§ Problem to solve: Write out the stretch of lines below that begins at the line with "Fancy Goldfish Wholesale" and ends at the line with "漳州新鲜平菇（500g±50g/份） 商品图0", including both, exactly as given and nothing more.

§ Data provided:
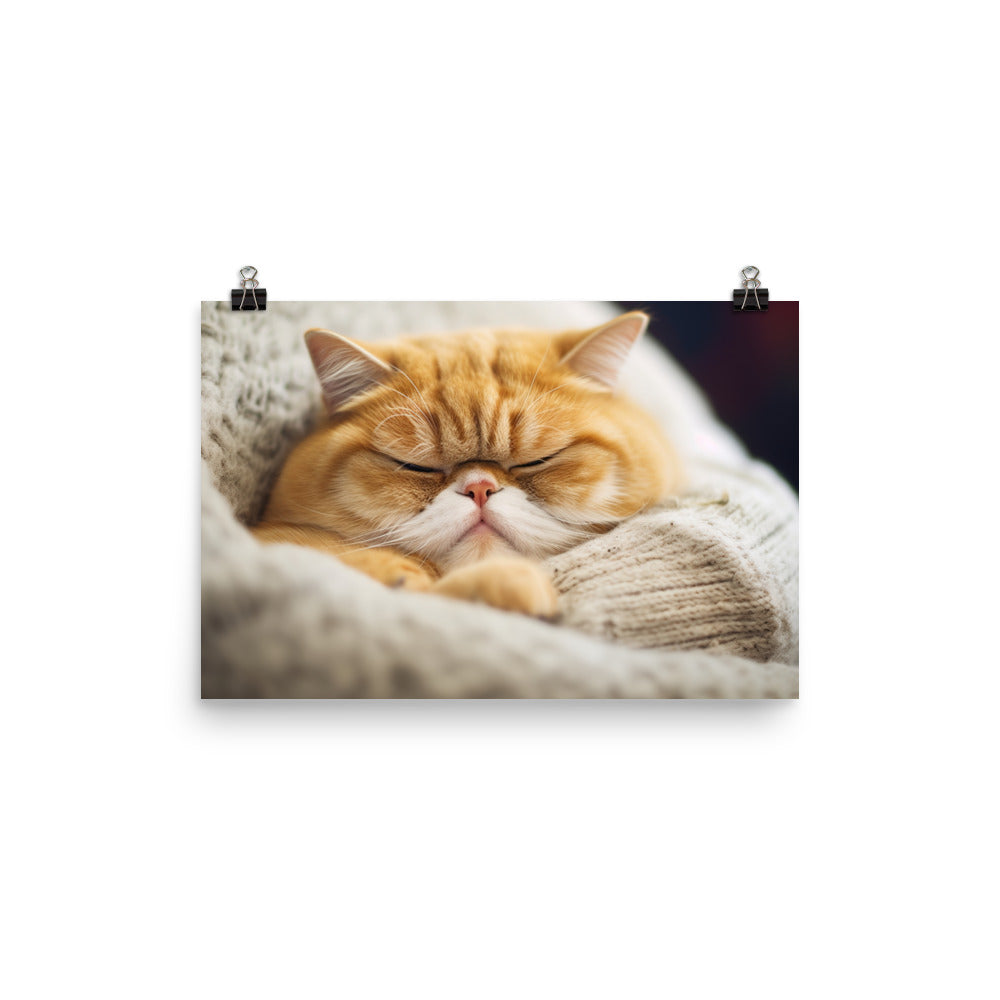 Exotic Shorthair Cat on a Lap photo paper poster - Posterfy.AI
...
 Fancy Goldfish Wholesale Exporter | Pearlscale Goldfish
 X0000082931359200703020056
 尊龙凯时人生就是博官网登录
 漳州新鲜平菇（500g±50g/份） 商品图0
...
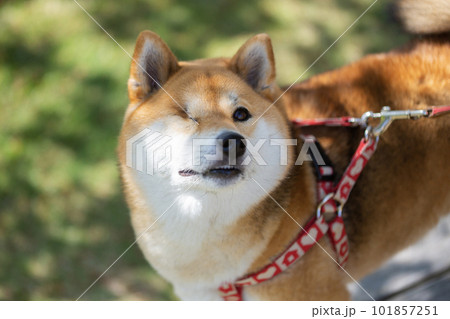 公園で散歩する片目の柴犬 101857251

§ Problem solution:
 Fancy Goldfish Wholesale Exporter | Pearlscale Goldfish
 X0000082931359200703020056
 尊龙凯时人生就是博官网登录
 漳州新鲜平菇（500g±50g/份） 商品图0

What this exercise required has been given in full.